When J.C. Penney Co. Inc. (NYSE: JCP) shared its fiscal second-quarter financial results before the markets opened on Friday, the report was absolutely catastrophic. Shares plummeted to a low not seen since before 1980, at least in early trading indications.
The struggling retailer said that it had a net loss of $0.09 per share and $2.96 billion in revenue. That compared with consensus estimates from Thomson Reuters that called for a net loss of $0.05 per share and $2.84 billion in revenue. In the same period of last year, a net loss of $0.05 per share and revenue of $2.92 billion were reported.
Comparable sales declined 1.3% for the most recent quarter, resulting in a positive two-year stack of 0.9%.
In terms of guidance for the 2017 full year, EPS are expected to be between $0.40 and $0.65, and comparable sales are expected to be in the range of −1% to 1%. The consensus estimates are $0.49 in EPS and $12.2 billion in revenue for the year.
On the books, J.C. Penney cash and cash equivalents totaled $314 million at the end of the second quarter.
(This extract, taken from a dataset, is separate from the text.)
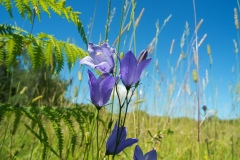 Harebell - Campanula rotundifolia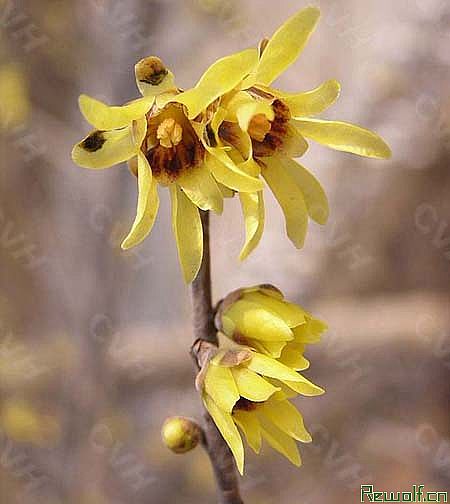 蜡梅(腊梅、蜡木、香木、唐梅、黄梅花、黄金茶)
Marvin R. Ellison, Chairman and CEO, commented:
We are pleased to deliver a top line sales increase of 1.5 % and quarterly sequential improvement of 220 basis points in our comp sales performance in go forward stores. While broader retail remains challenged, we are encouraged by the improved performance in our total apparel business, including a significant acceleration in kids’ apparel. Nearly all categories delivered improved sales results during the quarter, with our growth initiatives in beauty, home refresh and omnichannel continuing to deliver positive sales growth.
Shares of J.C. Penney closed Thursday down nearly 9% at $4.71, with a consensus analyst price target of $ and a 52-week range of $4.17 to $11.30. Following the release, the stock was down about 23% at $3.63 in early trading indications Friday.